▶ _Problem description_: Only the text of the records belongs in the answer, copied exactly and without pictures.

[[ Extracted entries, beginning ]]

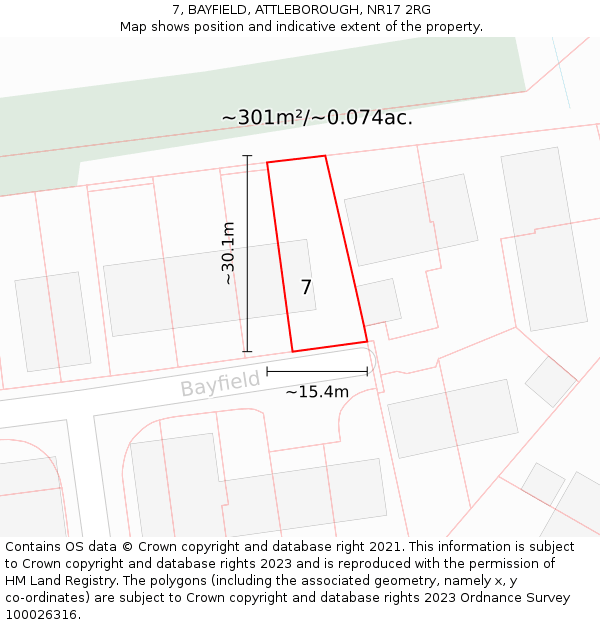 7, BAYFIELD, ATTLEBOROUGH, NR17 2RG: Plot and title map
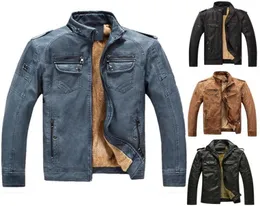 4xl Men Motorcycle Vintage Rock Roll Casual Leather Jacket Men Men осень дизайнерские байкерские карманы PU Кожаные куртки7040901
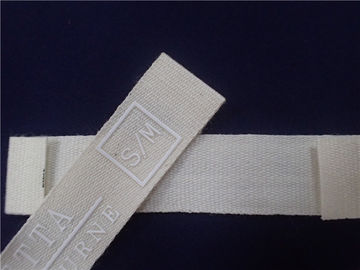 Nhãn vải in màu trắng với logo Silicone cho quần áo thể thao Patch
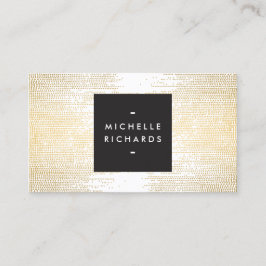 Cartão De Visita Padrão de Pontos de Confetti Dourado Faux Moderno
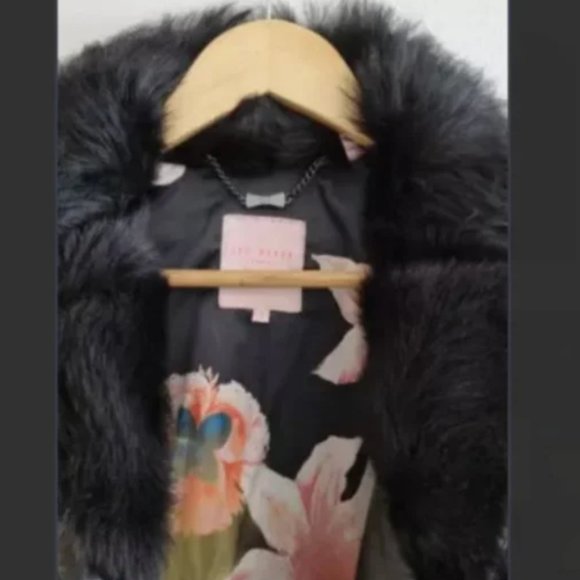 Ted Baker Tirely Furrly Detachable Sleeve Black Leather Jacket vest size 1 nwot - Picture 13 of 15
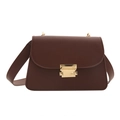 Minimalist vintage dark brown square crossbody bag with gold buckle and leather strap - Brown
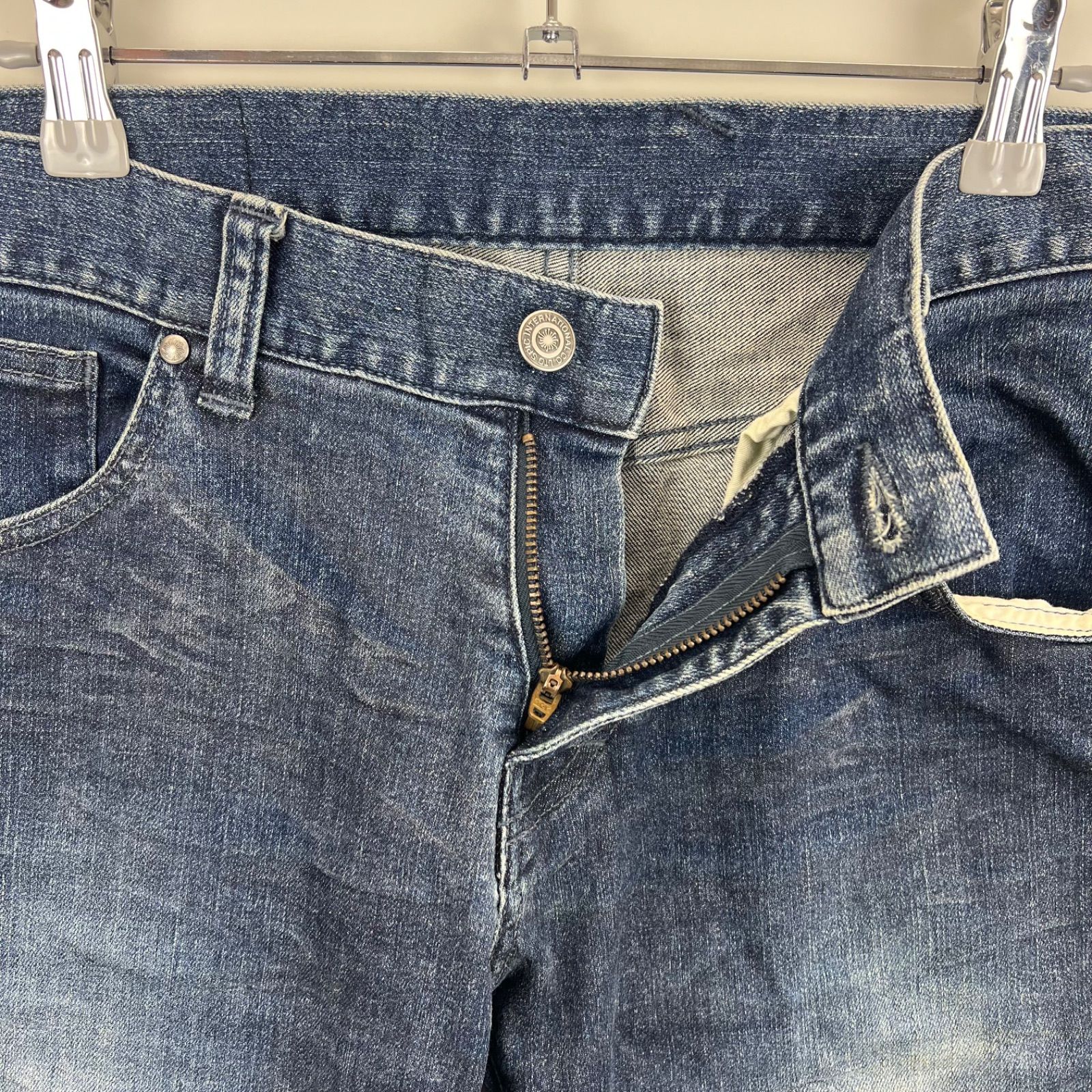 TORNADO MART 00s y2k archive coating damaged flare denim pants M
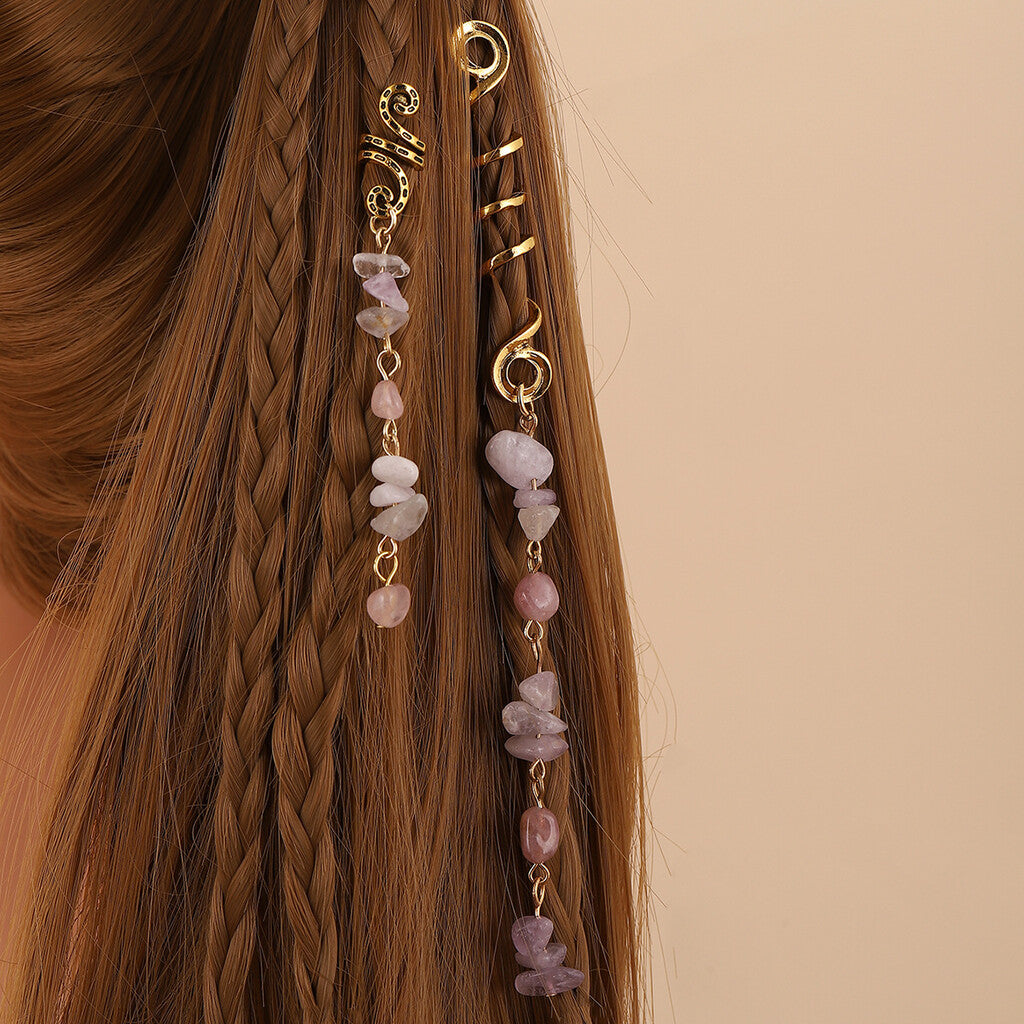 🌿Natural stone hair accessories in a spiral shape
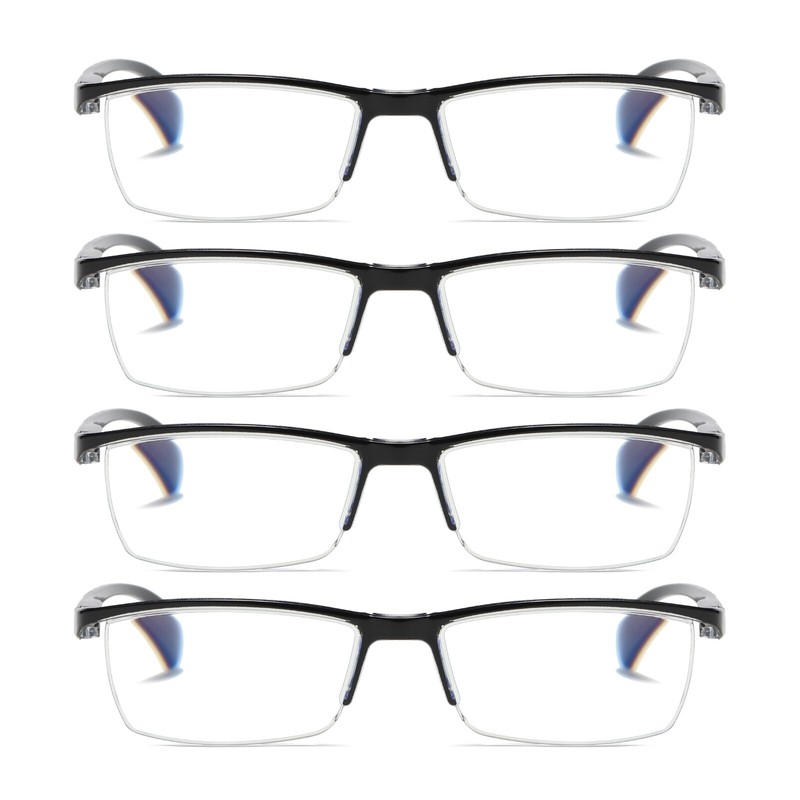 4 PK Mens Half Frame Spring Hinge Reading Glasses Blue Light Blocking Readers
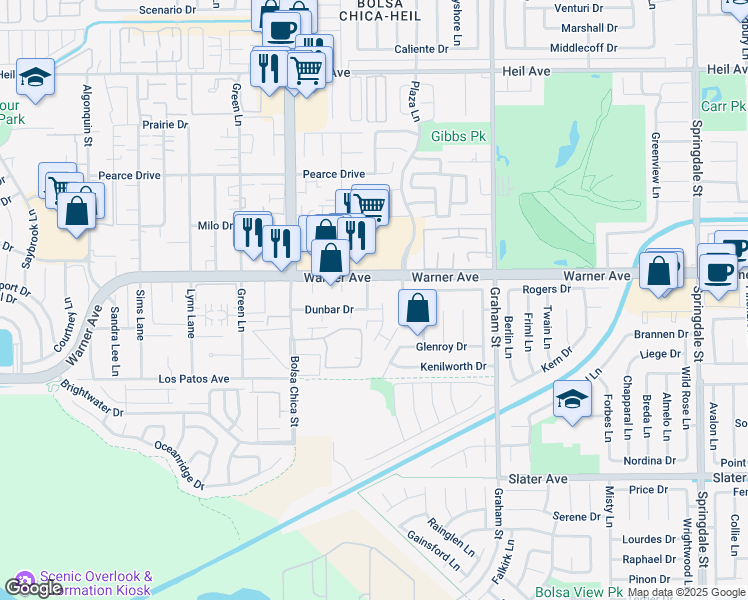 map of restaurants, bars, coffee shops, grocery stores, and more near 5172 Dunbar Drive in Huntington Beach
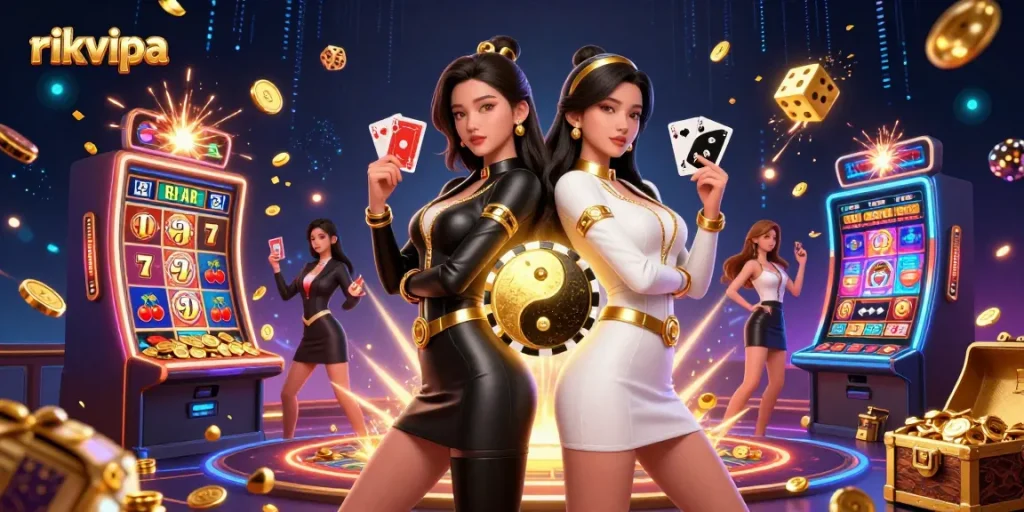 Experience thrilling games at rikvipa with stunning twin characters showcasing poker action.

[[ Extracted entries, end ]]

▶ _Answer for the task_:
 7, BAYFIELD, ATTLEBOROUGH, NR17 2RG: Plot and title map
 4xl Men Motorcycle Vintage Rock Roll Casual Leather Jacket Men Men осень дизайнерские байкерские карманы PU Кожаные куртки7040901
 Nhãn vải in màu trắng với logo Silicone cho quần áo thể thao Patch
 Cartão De Visita Padrão de Pontos de Confetti Dourado Faux Moderno
 Ted Baker Tirely Furrly Detachable Sleeve Black Leather Jacket vest size 1 nwot - Picture 13 of 15
 Minimalist vintage dark brown square crossbody bag with gold buckle and leather strap - Brown
 TORNADO MART 00s y2k archive coating damaged flare denim pants M
 🌿Natural stone hair accessories in a spiral shape
 4 PK Mens Half Frame Spring Hinge Reading Glasses Blue Light Blocking Readers
 map of restaurants, bars, coffee shops, grocery stores, and more near 5172 Dunbar Drive in Huntington Beach
 Experience thrilling games at rikvipa with stunning twin characters showcasing poker action.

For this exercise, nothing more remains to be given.